[[ ENTRIES PROVIDED, beginning ]]
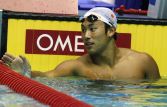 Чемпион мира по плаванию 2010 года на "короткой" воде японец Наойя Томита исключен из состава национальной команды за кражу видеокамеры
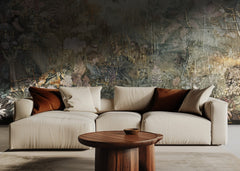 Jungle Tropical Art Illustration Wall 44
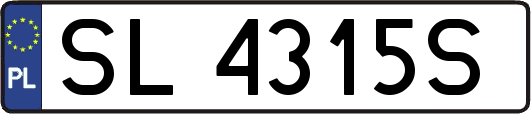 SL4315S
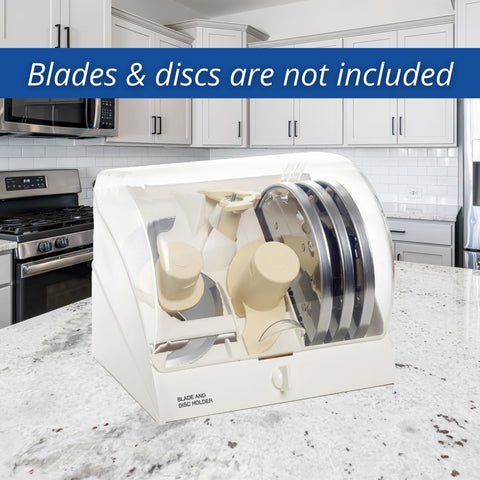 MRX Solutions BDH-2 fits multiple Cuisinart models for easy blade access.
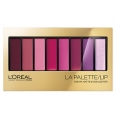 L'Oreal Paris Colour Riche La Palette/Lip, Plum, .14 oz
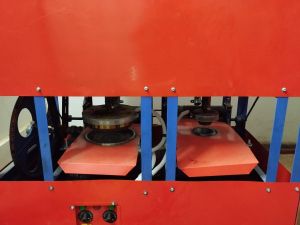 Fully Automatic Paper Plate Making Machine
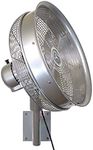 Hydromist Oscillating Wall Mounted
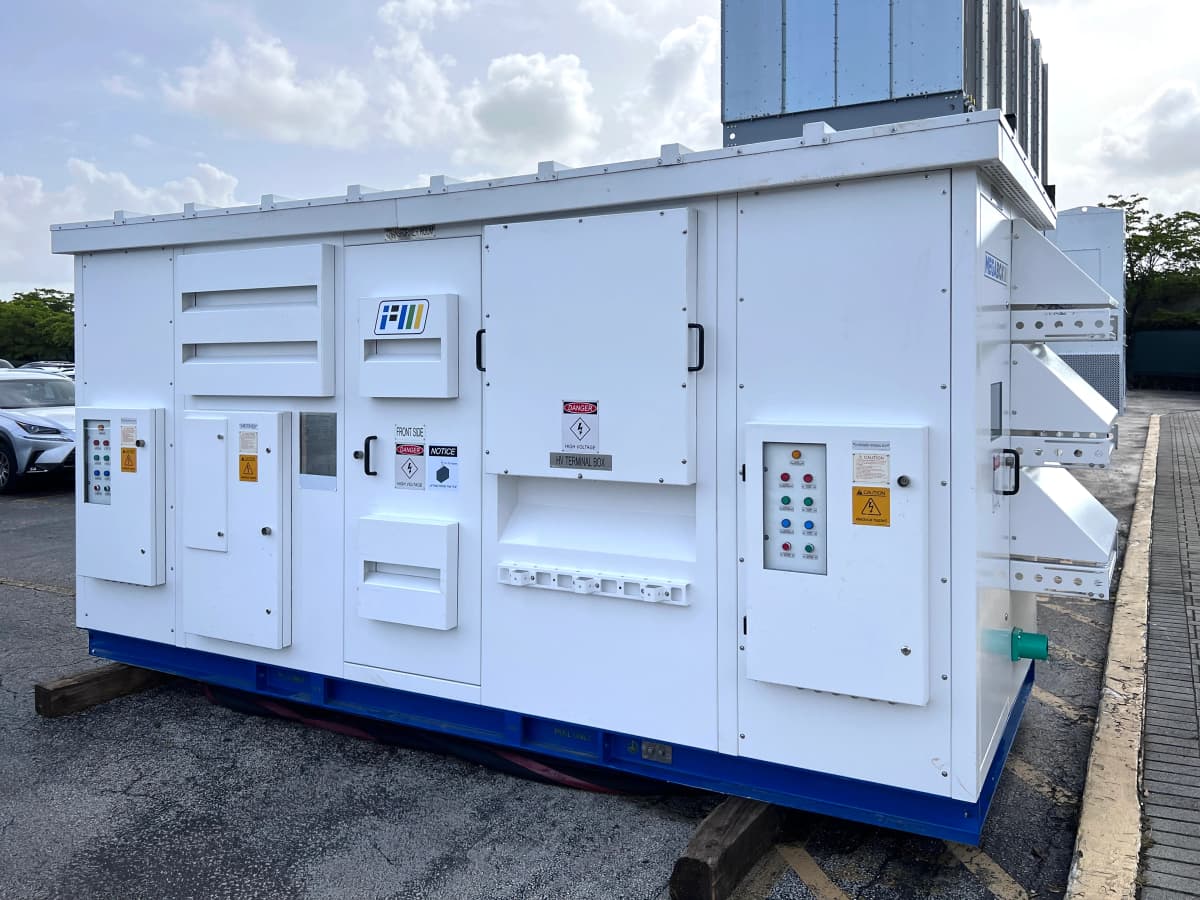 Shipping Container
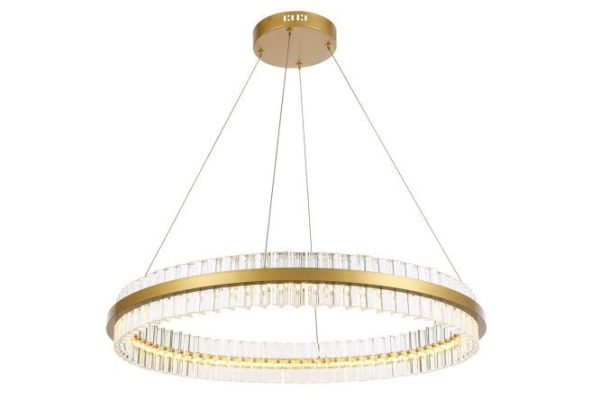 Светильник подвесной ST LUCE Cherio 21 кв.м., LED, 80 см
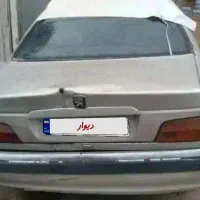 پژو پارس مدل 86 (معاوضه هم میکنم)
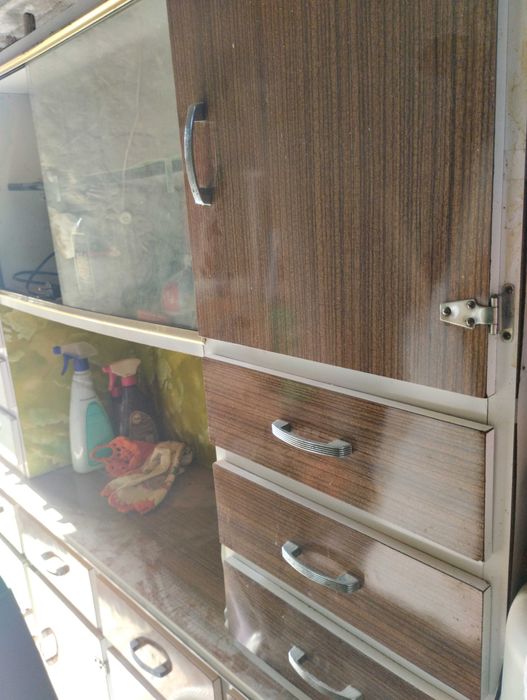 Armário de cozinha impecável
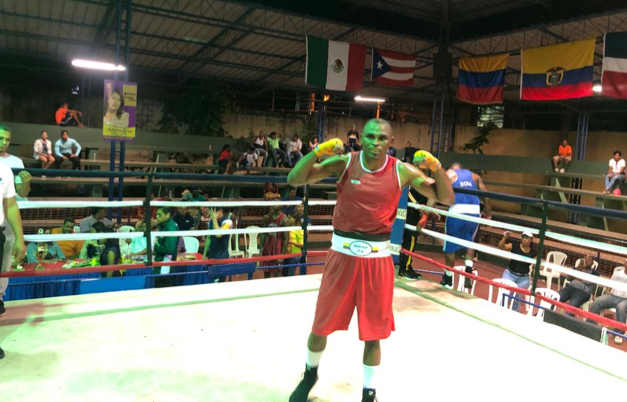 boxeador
[[ ENTRIES PROVIDED, end ]]
WORK TASK — The data above must be given again in full and unaltered, minus its images.

EXERCISE RESPONSE —
 Чемпион мира по плаванию 2010 года на "короткой" воде японец Наойя Томита исключен из состава национальной команды за кражу видеокамеры
 Jungle Tropical Art Illustration Wall 44
 SL4315S
 MRX Solutions BDH-2 fits multiple Cuisinart models for easy blade access.
 L'Oreal Paris Colour Riche La Palette/Lip, Plum, .14 oz
 Fully Automatic Paper Plate Making Machine
 Hydromist Oscillating Wall Mounted
 Shipping Container
 Светильник подвесной ST LUCE Cherio 21 кв.м., LED, 80 см
 پژو پارس مدل 86 (معاوضه هم میکنم)
 Armário de cozinha impecável
 boxeador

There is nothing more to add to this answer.